Sadly the production of the series wasn't the end to the behind the scenes drama. Reaction had been poor, and viewing figures weren't great and were down on the previous season: 3-5 million compared to the 6-8 million of the previous year. Part of that was down to the opposition on ITV, the popular US import The A-Team. BBC1's controller Michael Grade even approached Doctor Who co-creator Sydney Newman about giving the show a makeover. At the same time producer John Nathan-Turner was trying to leave the series, as he had been doing for some while. He was told by his bosses he could but only if he sacked the show's star Colin Baker first in order that a change in leading actor might change the public's perception of the show. The Producer informed baker of the decision on October 29th 1986, in between the airing of episodes 8 & 9 of this series and Baker declined the offer to return for a regeneration story at the start of the next season leaving his closing words in this story "Carrot Juice" as the last he said on screen. Since Doctor Who Baker has mainly concentrated on theatre work but returned to the role of the Doctor for the Dimensions in Time special and, to great acclaim, for Big Finish productions. He has also been a tireless campaigner and fund raiser for research into Sudden infant death syndrome. Nathan Turner meanwhile found his bosses reneging on their promise to let him leave Doctor Who and found himself with no leading actor, no script editor and no scripts.
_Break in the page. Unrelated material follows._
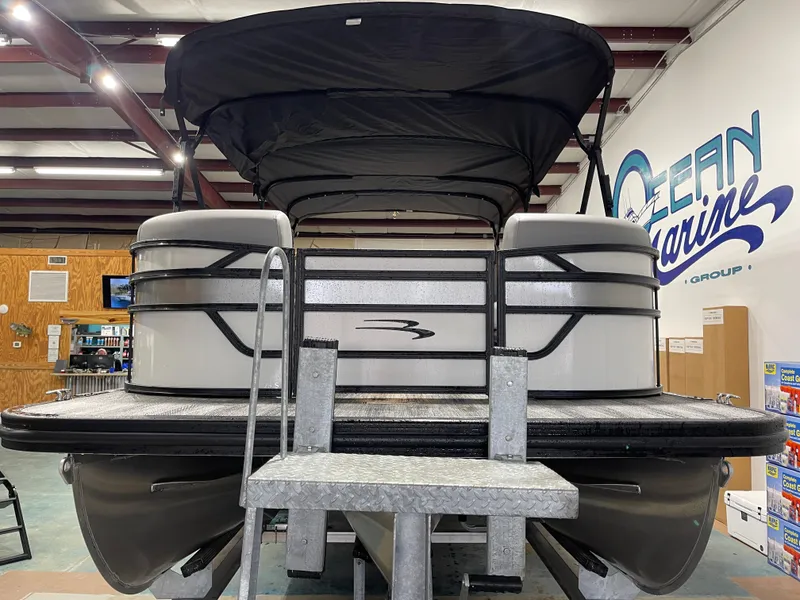 Slide: The Image of 2025 Bennington 25SSRSE pontoon boat in showroom, featuring sleek design and canopy. - 5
There's two Colin Baker stories I really like: Attack of the Cybermen & Revelation of the Daleks. The first episode of Mark of the Rani's good and the second is OK. The rest...... Hmmmm. But throughout this time Colin Baker's done a really good job with some, at times, quite shoddy material. Yes his performance in Twin Dilema might be a mistake, but that's what the script was leaning towards him doing. Later performances for Big Finish Productions as the Doctor have demonstrated what he's capable of and has led to a renewed following amongst Doctor Who fans culminating with him becoming the Doctor Who Appreciation Society president in 2011

Also this episode we say goodbye to the awful but thankfully short lived Dominic Glynn arrangement of the theme music and, sadly, the star field theme sequence and "neon tube" logo that had been with us for the last 6 seasons since the autumn of 1980. One has some thoughts top share on it's replacements.

The last two episode of this serial were originally known as Time Inc but when Pip & Jane Baker novelised them in 1988 they were released as The Ultimate Foe, an earlier title for the Vervoids story, which has since stuck. All 14 episodes of The Trial Of A Time Lord were released in a video boxset in October 1993 in a Tardis shaped tin with a picture of one of the seven Doctors on the base of the tin. I'm yet to meet anyone with all seven tins! All 14 episode were released on DVD on 29 September 2008.

3 comments:

  1. Nonsense! Best episode of WHO ever!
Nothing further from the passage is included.